## TASK TO COMPLETE
Among the entries below, the lines from the one with "Natalia Laborde Onlyfans Photo Gallery" up to and including the one with "File:1986-03-01 Melody Maker clipping 02.jpg" are to be restated exactly, without pictures.

## INPUT MATERIAL
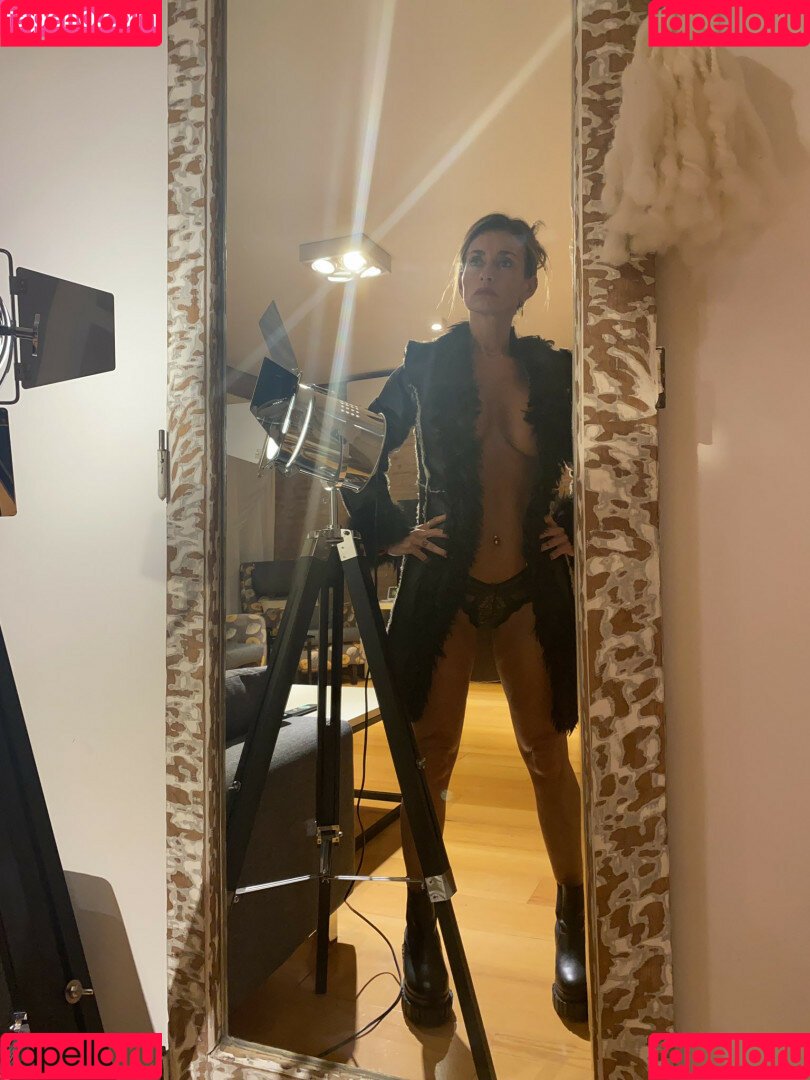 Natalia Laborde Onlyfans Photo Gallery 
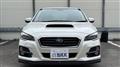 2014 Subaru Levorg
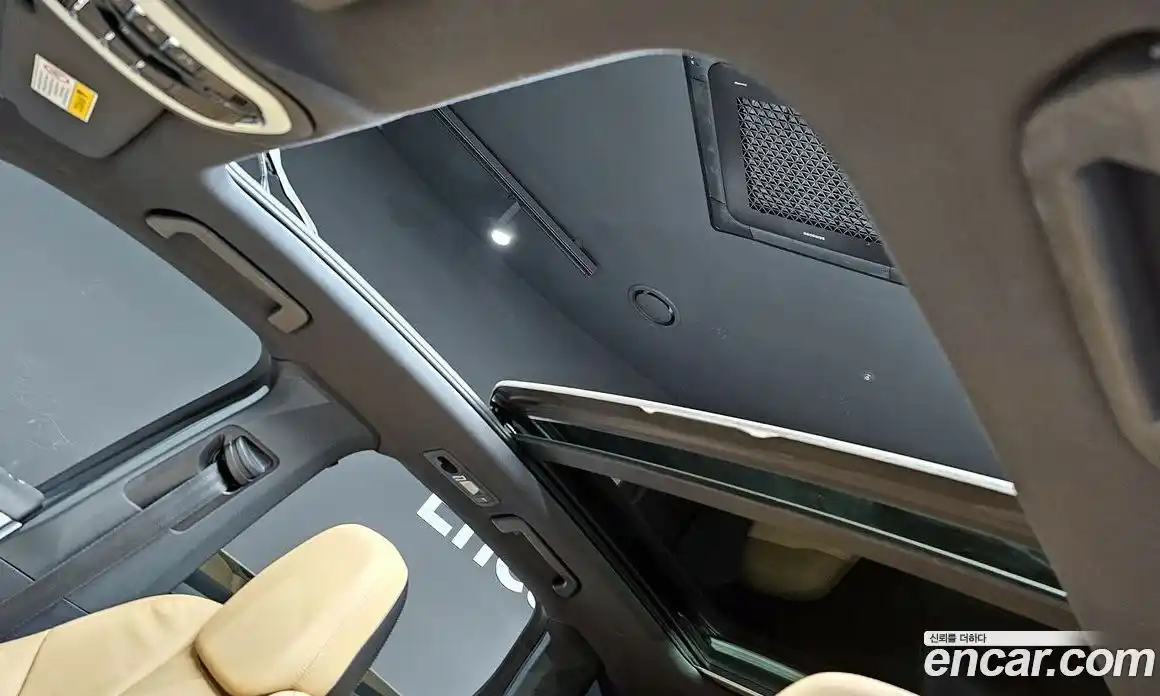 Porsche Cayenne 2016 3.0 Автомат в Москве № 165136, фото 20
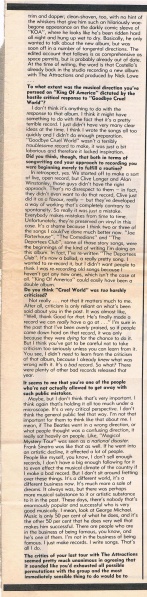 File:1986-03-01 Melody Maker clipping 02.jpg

--

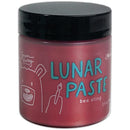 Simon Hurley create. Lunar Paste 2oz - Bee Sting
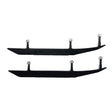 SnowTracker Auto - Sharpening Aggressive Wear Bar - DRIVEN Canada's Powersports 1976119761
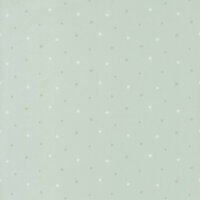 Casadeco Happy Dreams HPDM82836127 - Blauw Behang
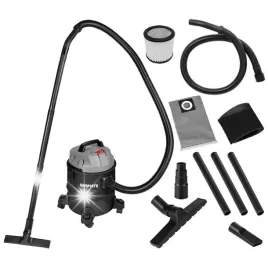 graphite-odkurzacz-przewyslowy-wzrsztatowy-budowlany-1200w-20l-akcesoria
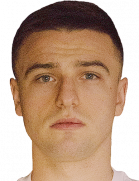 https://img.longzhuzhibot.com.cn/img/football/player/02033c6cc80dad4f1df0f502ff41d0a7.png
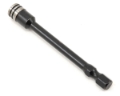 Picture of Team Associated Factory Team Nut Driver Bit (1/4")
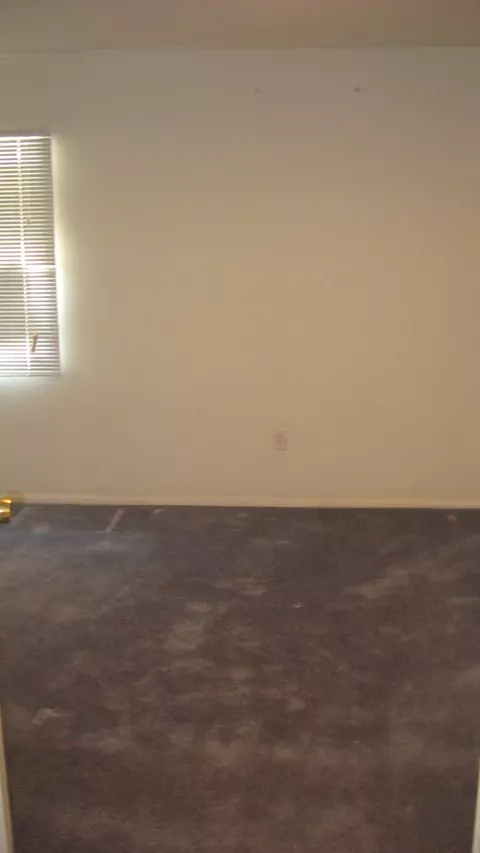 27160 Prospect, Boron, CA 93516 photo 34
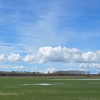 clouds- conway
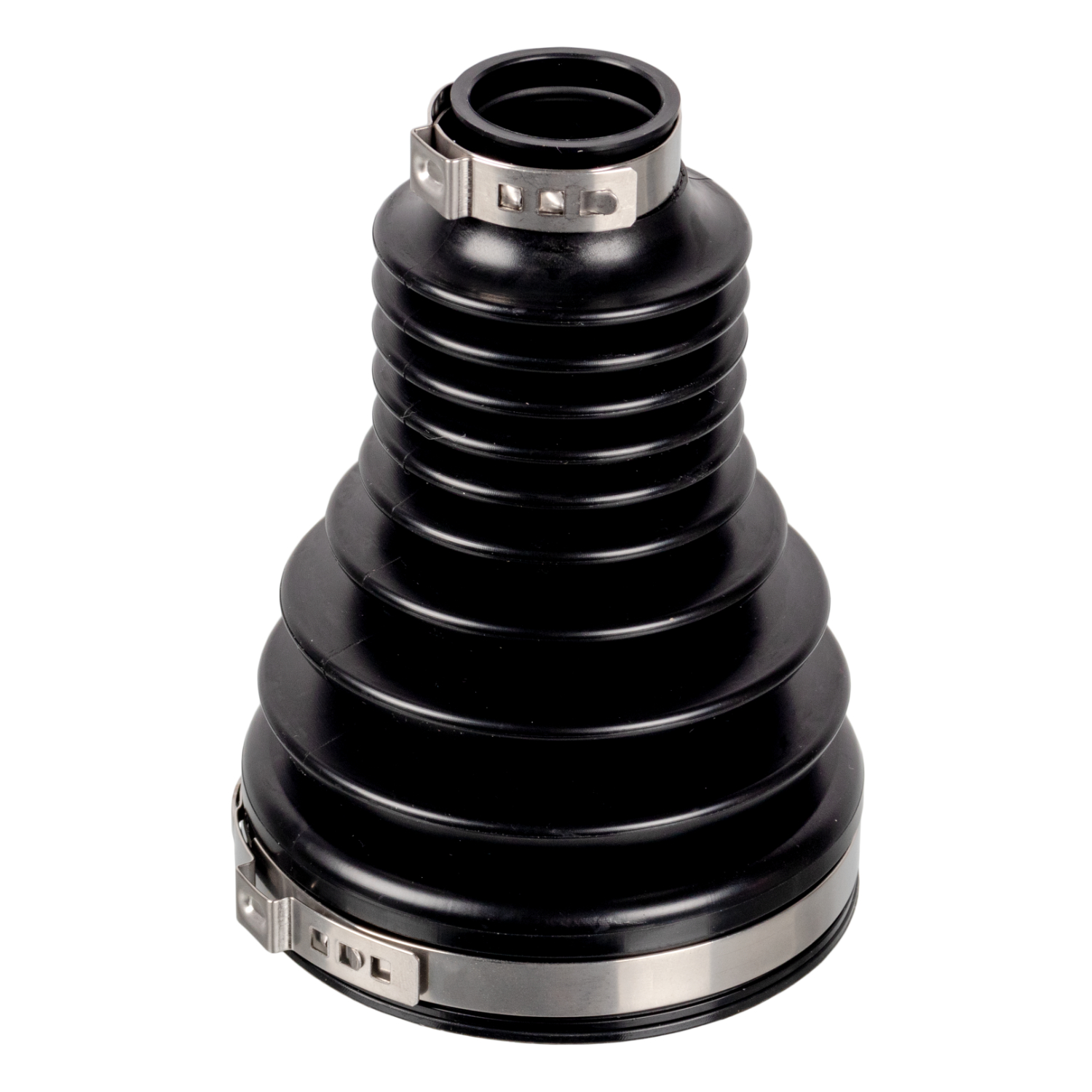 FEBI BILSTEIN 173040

## TASK SOLUTION
 Natalia Laborde Onlyfans Photo Gallery 
 2014 Subaru Levorg
 Porsche Cayenne 2016 3.0 Автомат в Москве № 165136, фото 20
 File:1986-03-01 Melody Maker clipping 02.jpg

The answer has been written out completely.